L’avvio della procedura di fallimento della città di Detroit non ha suscitato in Italia particolare interesse, a parte qualche consueto e acido commento del “Corriere della Sera” (21 luglio) sulla circostanza che una simile procedura dovrebbe essere applicata anche a Napoli. E invece quella di Detroit, a parte l’interesse in sé, è una metafora straordinaria di due interessanti temi nelle società contemporanee: le conseguenze del liberismo estremo; le mutevoli e differenti sorti dei ricchi e dei poveri.
La causa prima del fallimento di Detroit, al netto di episodi di malgoverno e di malaffare che non sono certo limitati a quella esperienza, è nell’effetto delle migrazioni come soluzione ai problemi di disparità geografica nello sviluppo. Detroit è il caso estremo, avendo perso due terzi della sua popolazione: ma casi comunque preoccupanti, ci sono anche in Europa e in Italia. Da tempo molti economisti e istituzioni prestigiose come la Banca Mondiale (si veda ad esempio il World Development Report del 2009, “Reshaping economic geography” ) sostengono che le migrazioni sono la migliore soluzione ai problemi di disparità: ciò che conta è offrire lavoro alle persone, indipendentemente dai luoghi.

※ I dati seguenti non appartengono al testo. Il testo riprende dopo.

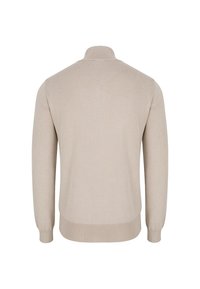 Beżowy sweter z długim rękawem, z prążkowanymi mankietami, dołem i stójką, widok z tyłu na białym tle.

Un economista autorevole nel dibattito europeo come Daniel Gros, ha recentemente riproposto migrazioni di massa, specie dei giovani qualificati come soluzione alla disoccupazione nei paesi del Sud Europa (Ceps Policy Brief del 26 giugno). Poi arriva Detroit. E ci ricorda la differenza fra l’economia dei teorici astratti e un po’ dogmatici e quella delle persone in carne e ossa. Che succede, infatti, ai luoghi dai quali fuoriescono in massa le persone più qualificate in cerca di lavoro? Questi luoghi muoiono, perché i residenti, il loro reddito e il loro gettito fiscale non sono più in grado di sostenere neanche i minimi servizi indispensabili, e ancor meno far fronte a servizi giustamente progettati su una scala molto più ampia. Non è difficile argomentare che il costo collettivo di un luogo che “muore” è assai superiore al beneficio privato di chi è emigrato: si pensi all’enorme spreco di infrastrutturazione pubblica, ma anche ai valori immateriali. Quando discutiamo delle politiche economiche è sempre bene chiarire quali costi e quali benefici, collettivi e privati, consideriamo.

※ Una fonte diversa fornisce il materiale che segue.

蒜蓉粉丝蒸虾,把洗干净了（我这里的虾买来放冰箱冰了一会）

Naturalmente, e questa è la seconda considerazione, dipende anche da chi sopporta quali costi. La popolazione rimasta a Detroit è prevalentemente povera (e di colore), meno in grado di migrare; i ricchi che continuano a lavorare nelle aziende della città (fra cui la rilanciata Chrysler), semplicemente si spostano in sobborghi verdi e dalle finanze pubbliche sane. I costi del fallimento – a quanto si può capire – saranno massicciamente sopportati dagli attuali cittadini di Detroit, in termini di servizi collettivi assai minori in qualità e quantità; in particolare da coloro che lavorano per l’amministrazione comunale (a cominciare da poliziotti, pompieri, insegnanti) o vi hanno lavorato per una vita e oggi sono in pensione. Il costo collettivo diventa anche costo privato. Ma colpisce i più poveri, i dipendenti pubblici, i pensionati. Può cancellare con un colpo di spugna i trattamenti pensionistici guadagnati in una vita di lavoro, senza che ciò appaia drammaticamente ingiusto. Dagli Stati Uniti ci viene una interessante, e assai preoccupante, lezione: le grandi istituzioni finanziarie sono troppo grandi per fallire, e soprattutto i loro azionisti e manager sono troppo ricchi e troppo forti per essere colpiti (come ci ricorda Joseph Stiglitz nel suo ultimo bellissimo libro “il prezzo della disuguaglianza”); le città possono fallire, perché i loro – residui - cittadini non sono né ricchi né forti. La tanto glorificata “mano invisibile” del mercato, non è uguale per tutti: è assai tenue quando si tratta di accarezzare i forti, e diviene imperiosa quando si tratta di colpire i deboli.